8. USC Trojans. If you believe Kevin O'Neil can turnaround the program, then there's hope. If you can't, you're being realistic. DeRozan, Hackett, and Gibson are gone this year. Wow ... that's a lot of talent. It'll take a miracle to hit .500 this year.

9. Washington State Cougars. WAZZU, as they're commonly known, is looking like the most pathetic Pac-10 team all around this sports season. Klay Thompson is a playmaker, but the departure of Tony Bennett will hurt, and hurt badly. I don't see the Cougars winning many games this year.

10. Stanford Cardinal. By year's end, some might be calling Landry Fields the best player in the conference. Other than Fields though, the roster has close to zero talent, or potential. It would shock the conference, and the nation for Stanford to finish above eighth place.


Best Recruiting: UCLA. Coach Ben Howland loaded up bringing in Tyler Honeycutt and Mike Moser, along with power forwards Brendan Lane and Reeves Nelson. The two small forwards, Moser and Honeycutt will get some decent playing time with the loss of Josh Shipp.

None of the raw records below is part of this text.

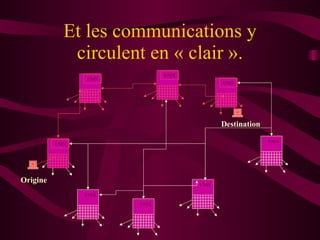 Et les communications y circulent en « clair ». Origine Destination UNIX UNIX UNIX UNIX UNIX UNIX UNIX UNIX 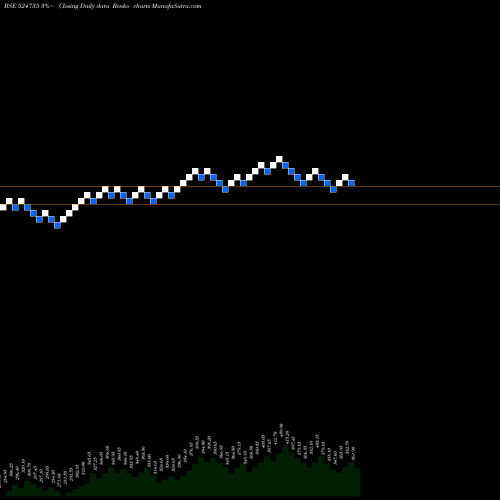 Free Renko charts HIKAL LTD. 524735 share BSE Stock Exchange 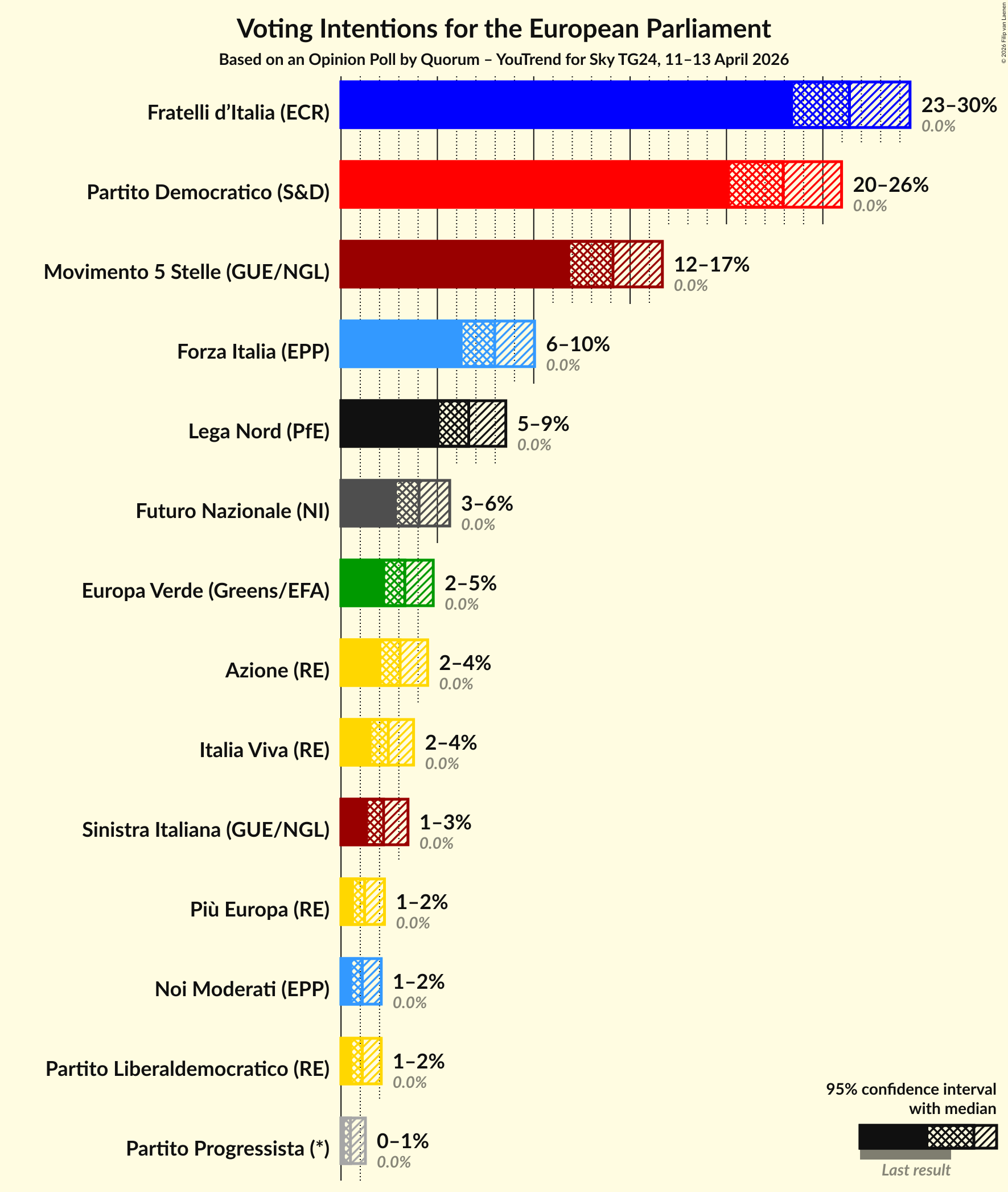Graph with voting intentions not yet produced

Biggest Impact: Abdul Gaddy, Washington. Washington have a big void to fill at point guard with the loss of Justin Dentmon, but Gaddy seems up to it. He should be an immediate standout, and Washington will be one to watch this year with Gaddy at the helm.

Best Playmaker: Abdul Gaddy, Washington. Very few freshman in the nation will have as big of impact as Gaddy. He has amazing playmaking skills, as shown in highlights of his high school career. Gaddy specializes in making his team look good, and Washington should be the most fun to watch this season of the Pac-10, if not the nation.

Dark Horse Freshman: Derrick Williams, Arizona. He had committed to USC, but switched over to Arizona following the resignation of Tim Floyd. Williams had a huge year, showing tremendous ability and potential his senior year in La Mirada, California. He should start his freshman year, and a lot of opponents could be in for a surprise facing off against Derrick Williams.

Honor Roll

Player of the Year: Jerome Randle, California.

Freshman of the Year: Abdul Gaddy, Washington.

Top Shooter: Jerome Randle, California.

Top Rebounder: Quincy Pondexter, Washington. 

Top Playmaker: Derek Glasser, Arizona State.

Best NBA Prospect: Klay Thompson, Washington State.

Most Entertaining: Isaiah Thomas, Washington.